• **WHAT YOU HAVE TO DO**
Exact transcription of the following records is needed, with every picture dropped.

• **SOURCE MATERIAL**
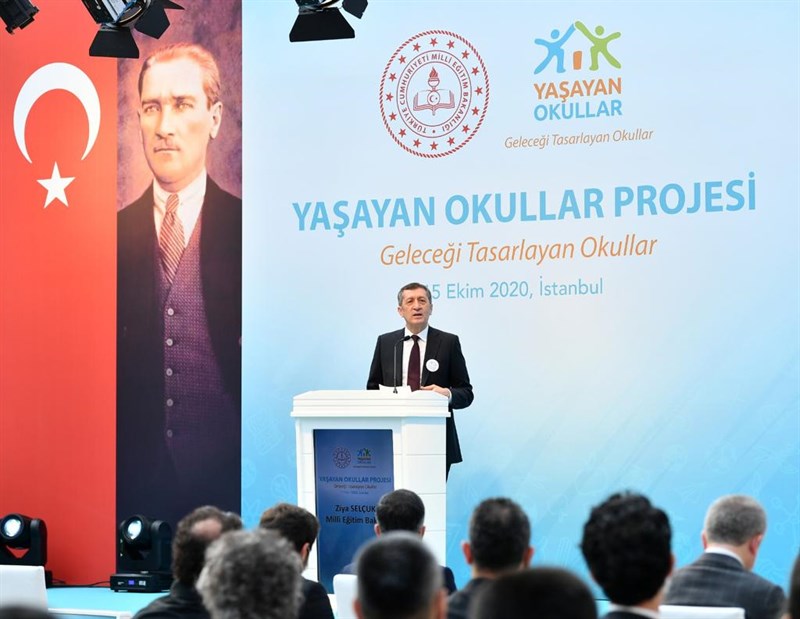 “Yaşayan Okullar Projesi”, Bakan Selçuk ve Vali Yerlikaya’nın Katılımıyla Tanıtıldı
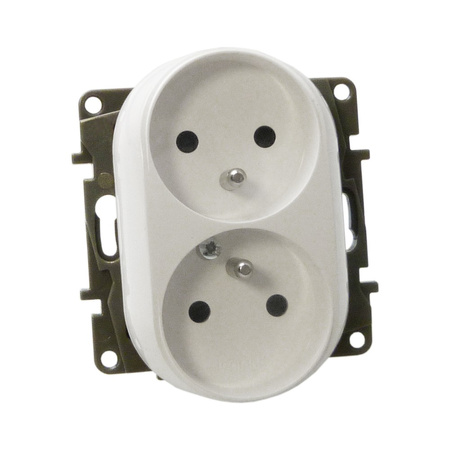 Gniazdo podwójne bez ramki z uziemieniem NILOE Legrand 764542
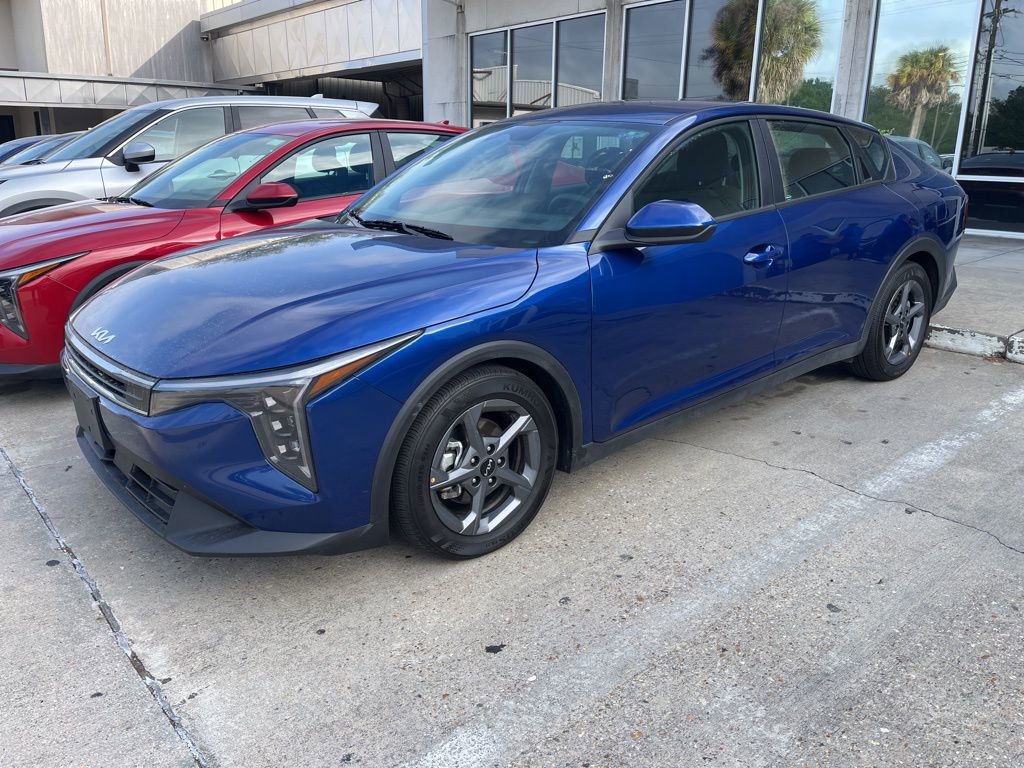 Used 2025 Kia K4 LXS image 1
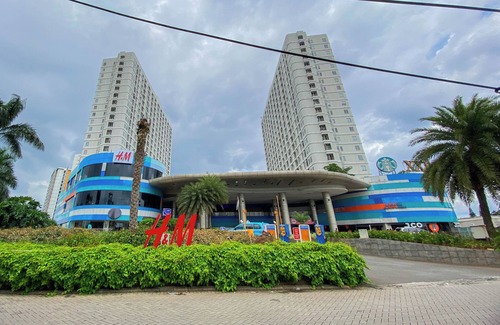 Depok Apartment | Serene And Nice Studio At Cinere Bellevue Suites Apartment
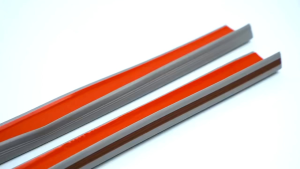 Pelindung Tangga Anti Slip Stair Edge Protector 5x2.5cmx1m Pengaman Anti Selip Sudut Tepi Tangga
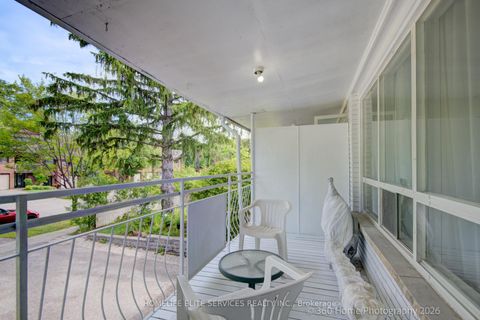 Photo 3 at 69 Castlebury Crescent, Steeles, Toronto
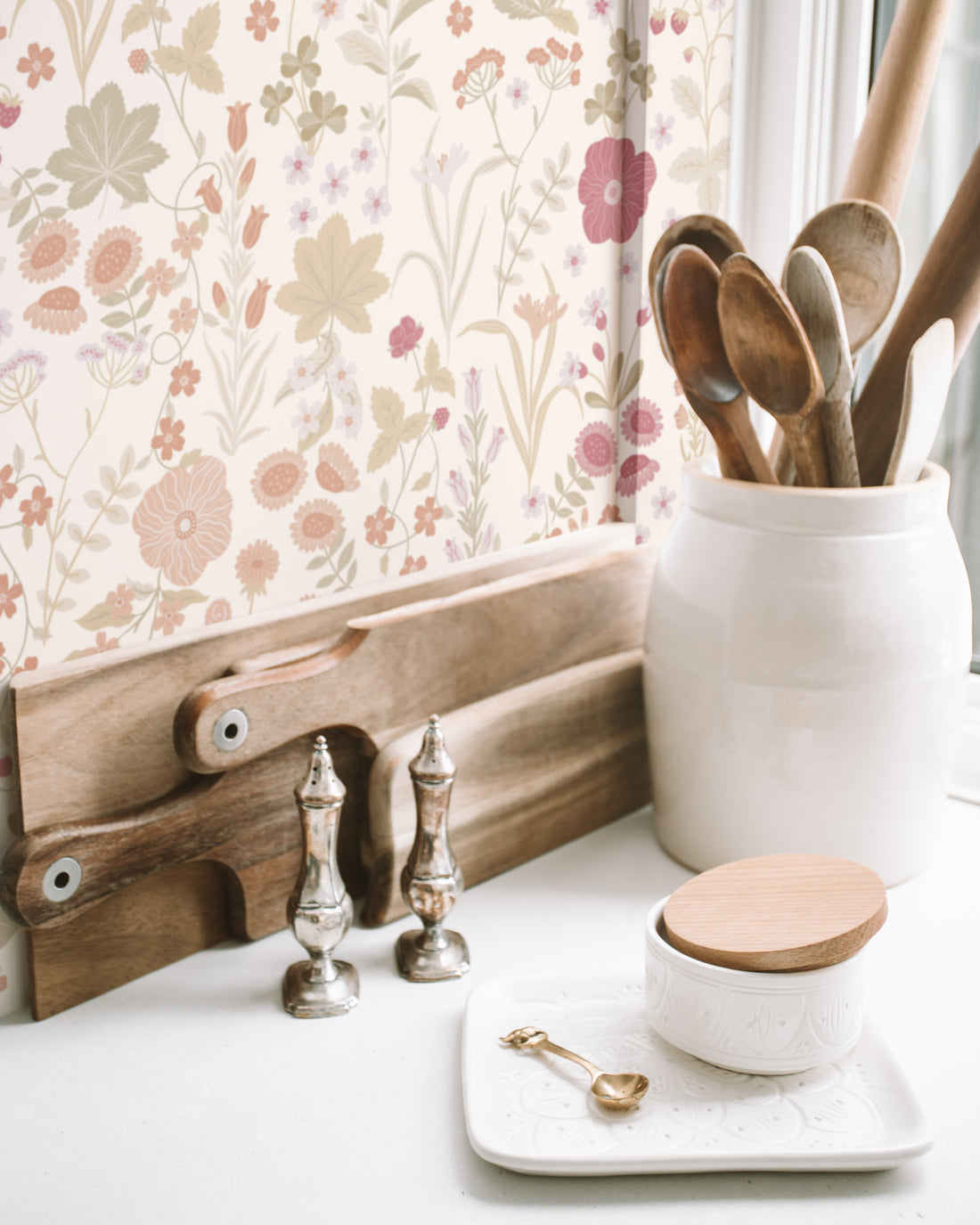 Blomstre Wallpaper - Soft Pink - Summer Gray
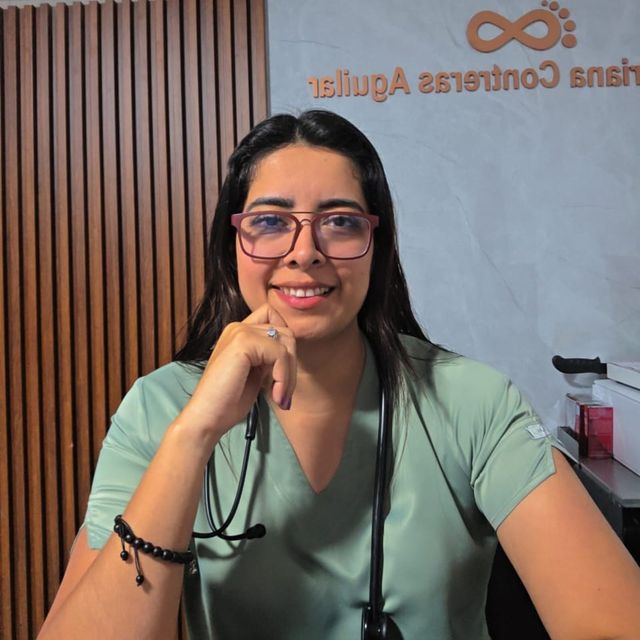 Adriana Contreras Aguilar, Podiatra Los Mochis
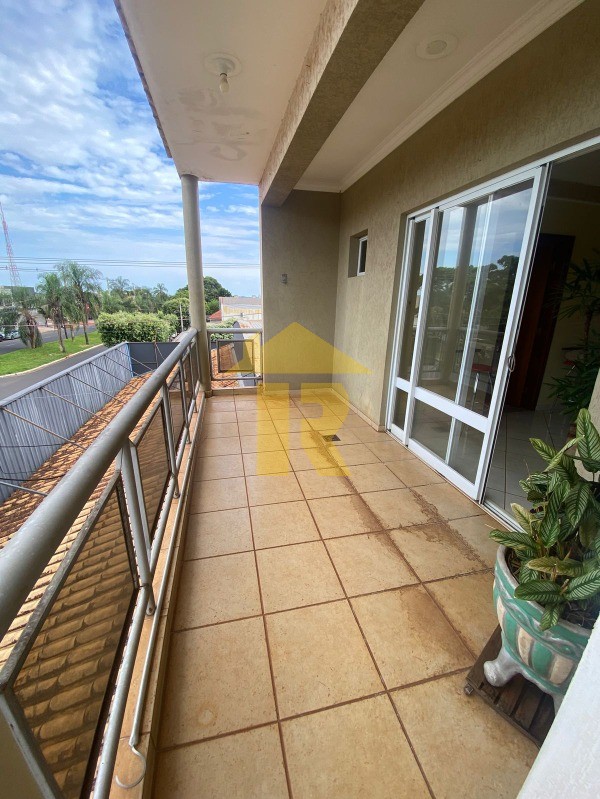 Casa com 4 quartos para aluguel, 243m² — foto 2 de 11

• **ANSWER SPACE**
 “Yaşayan Okullar Projesi”, Bakan Selçuk ve Vali Yerlikaya’nın Katılımıyla Tanıtıldı
 Gniazdo podwójne bez ramki z uziemieniem NILOE Legrand 764542
 Used 2025 Kia K4 LXS image 1
 Depok Apartment | Serene And Nice Studio At Cinere Bellevue Suites Apartment
 Pelindung Tangga Anti Slip Stair Edge Protector 5x2.5cmx1m Pengaman Anti Selip Sudut Tepi Tangga
 Photo 3 at 69 Castlebury Crescent, Steeles, Toronto
 Blomstre Wallpaper - Soft Pink - Summer Gray
 Adriana Contreras Aguilar, Podiatra Los Mochis
 Casa com 4 quartos para aluguel, 243m² — foto 2 de 11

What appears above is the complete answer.